─── The data ───

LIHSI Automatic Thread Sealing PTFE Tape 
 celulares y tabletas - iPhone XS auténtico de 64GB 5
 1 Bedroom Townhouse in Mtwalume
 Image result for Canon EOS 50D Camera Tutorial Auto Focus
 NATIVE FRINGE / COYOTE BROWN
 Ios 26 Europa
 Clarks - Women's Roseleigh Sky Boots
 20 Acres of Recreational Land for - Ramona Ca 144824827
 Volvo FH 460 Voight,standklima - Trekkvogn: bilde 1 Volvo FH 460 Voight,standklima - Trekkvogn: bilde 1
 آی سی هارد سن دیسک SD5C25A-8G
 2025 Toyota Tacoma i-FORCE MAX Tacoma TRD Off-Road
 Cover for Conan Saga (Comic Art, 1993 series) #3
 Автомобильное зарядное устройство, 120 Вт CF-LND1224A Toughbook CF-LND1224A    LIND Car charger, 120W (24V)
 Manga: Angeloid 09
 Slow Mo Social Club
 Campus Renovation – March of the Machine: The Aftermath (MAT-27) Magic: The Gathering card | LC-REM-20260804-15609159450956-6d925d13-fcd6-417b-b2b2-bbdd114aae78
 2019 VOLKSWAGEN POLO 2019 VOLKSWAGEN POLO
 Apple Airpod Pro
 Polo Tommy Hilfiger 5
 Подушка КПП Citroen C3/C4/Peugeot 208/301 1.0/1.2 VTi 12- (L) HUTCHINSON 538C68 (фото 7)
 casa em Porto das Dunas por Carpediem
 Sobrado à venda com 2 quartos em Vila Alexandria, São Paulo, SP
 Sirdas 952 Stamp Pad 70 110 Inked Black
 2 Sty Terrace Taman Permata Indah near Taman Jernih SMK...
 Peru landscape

───

### What is required
Your reply should be an exact copy of every line from the line with "Подушка КПП Citroen" through the final line of the data, and nothing more.

### Exercise result
 Подушка КПП Citroen C3/C4/Peugeot 208/301 1.0/1.2 VTi 12- (L) HUTCHINSON 538C68 (фото 7)
 casa em Porto das Dunas por Carpediem
 Sobrado à venda com 2 quartos em Vila Alexandria, São Paulo, SP
 Sirdas 952 Stamp Pad 70 110 Inked Black
 2 Sty Terrace Taman Permata Indah near Taman Jernih SMK...
 Peru landscape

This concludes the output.